■ Task item: Pictures aside, repeat the listing below exactly.

■ Given data:
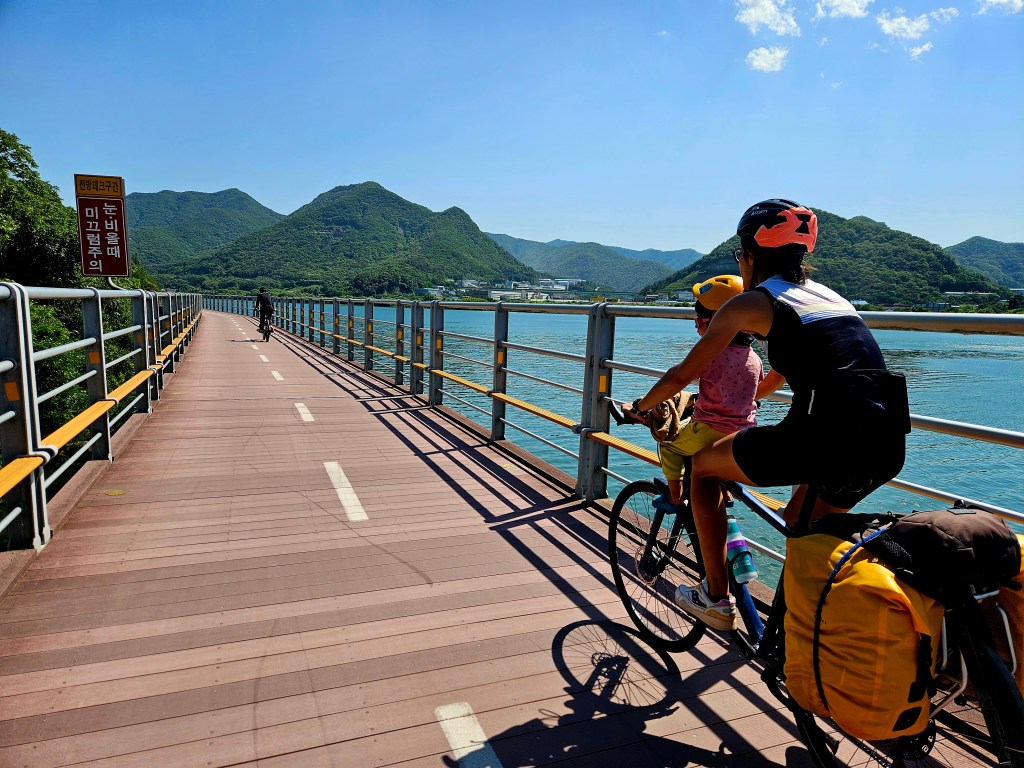Une mère et son enfant circulent à vélo sur une piste cyclable au bord d'un lac, entourés de collines verdoyantes et sous un ciel bleu ensoleillé.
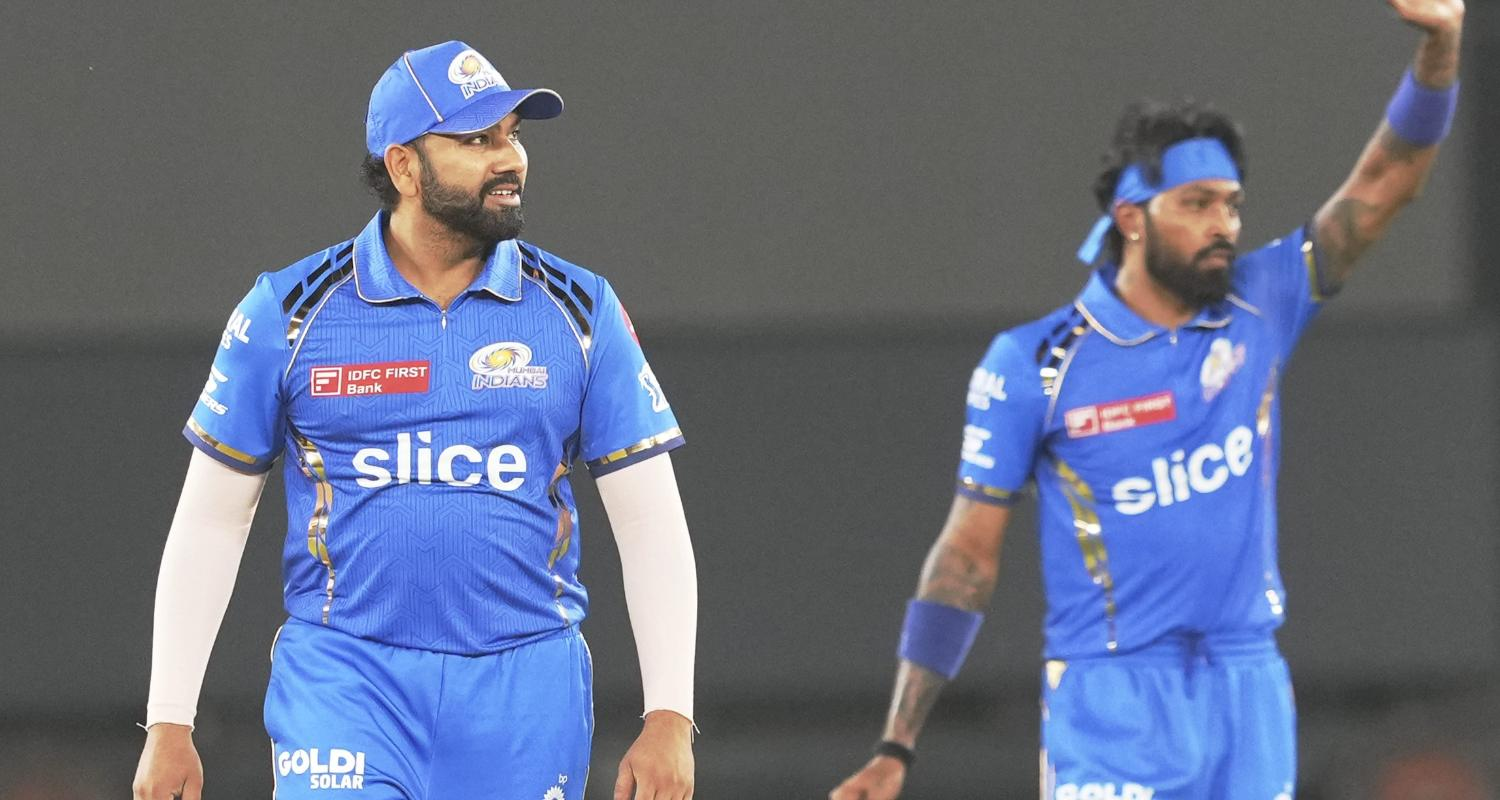 Former Mumbai Indians captain Rohit Sharma with the new skipper Hardik Pandya.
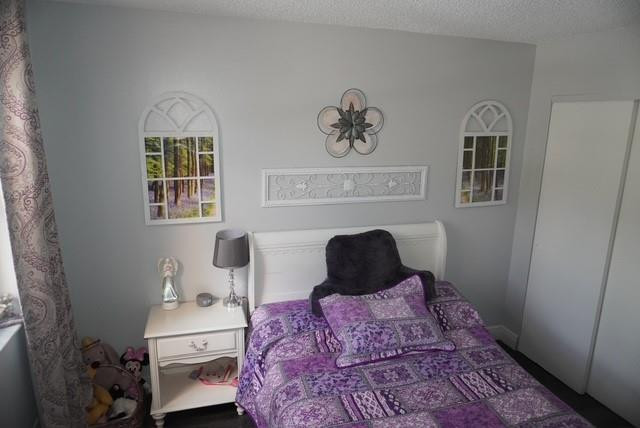 8871 Wiles Road, Unit 201 Coral Springs, FL 33067 - Photo 45 of 70 a bedroom with a bed and wooden floor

■ Output for this exercise:
Une mère et son enfant circulent à vélo sur une piste cyclable au bord d'un lac, entourés de collines verdoyantes et sous un ciel bleu ensoleillé.
 Former Mumbai Indians captain Rohit Sharma with the new skipper Hardik Pandya.
 8871 Wiles Road, Unit 201 Coral Springs, FL 33067 - Photo 45 of 70 a bedroom with a bed and wooden floor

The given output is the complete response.